The literary tea series began in the early 2000s as a chance for GVT to support the literary arts through live prose and poetry readings by actors from the theater. West Virginia Writers, Inc., the largest nonprofit organization dedicated to writers in West Virginia, became a co-sponsor of the event and helps to supply readers from its members and from among area winners of its annual writing contest.
This year, in honor of GVT’s production of The Night Thoreau Spent in Jail, the material read by GVT’s actors will be taken from the work of other writers of the Transcendentalist movement, who were peers of Thoreau. The Night Thoreau Spent in Jail dramatizes Thoreau’s 1846 arrest for refusing to pay taxes in protest to the Mexican-American War. The play also details the events of his life that led him to that night as well as its effect on his future as a Transcendentalist writer beyond it.
According to the Stanford Encyclopedia of Philosophy, Transcendentalism is an American literary, political and philosophical movement of the early to mid-19th century. The transcendentalists operated with the sense that a new era was at hand and were critics of their contemporary society for its unthinking conformity. They urged that each person find, in the words of Ralph Waldo Emerson, “an original relation to the universe.” Emerson was a mentor to Thoreau, who cultivated this original relation to the universe in solitude amidst nature, and in writing. By the 1840s they, along with other transcendentalists, were engaged in the social experiments in creating utopian societies, as well as becoming vocal opponents of American slavery and other injustices they saw in their day.

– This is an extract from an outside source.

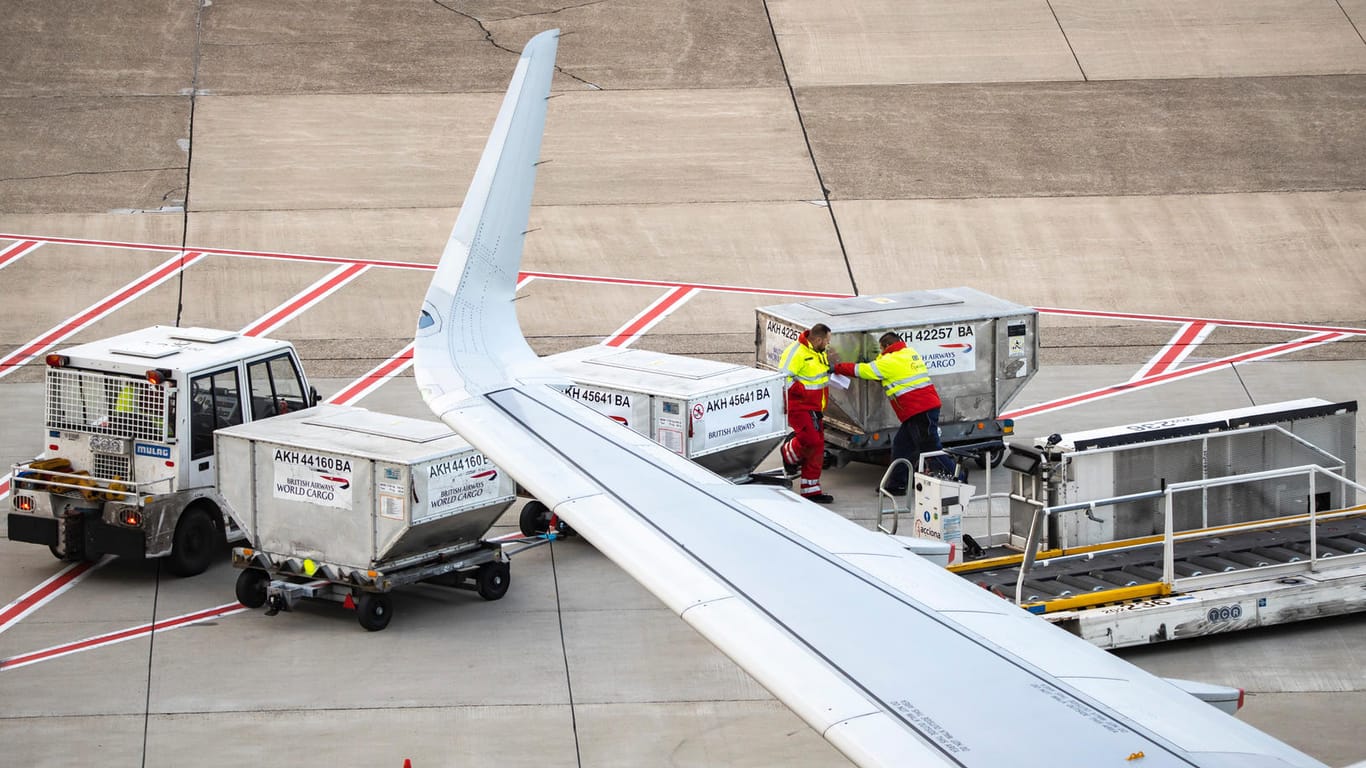 Ein Flugzeug wird mit Gepäck beladen (Symbolbild): Die privaten Bodenverkehrsdienstleister fordern Hilfe.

Among the readers for GVT will be GVT’s Artistic Director Cathey Sawyer, GVT’s music director Kermit Medsker, actor Aaron Christensen (who plays Ralph Waldo Emerson in Thoreau) and GVT’s Office Manager Micah Labishak. Among the readers for West Virginia Writers are Miles Dean, Belinda Anderson, Brittney Cassity and Eric Fritzius.
On Tuesday, Oct. 15, GVT will offer its annual Community Poetry Tea in which members of the community are invited to share their own poetry, or simply read published poetry that they love. Winners of the WV Writers Annual Writing contest will be featured poets for the evening, including Lori Evans, Barry Rich and G.O. Knicely. On Oct. 17, GVT will offer its Children’s Literary Tea, featuring students from the GVTeens Conservatory performing dramatic readings from classic children’s books. Cookies, milk and cocoa will be served as the student players perform, reading from books such as Olivia, Curious George, Where the Wild Things Are, and The Lorax.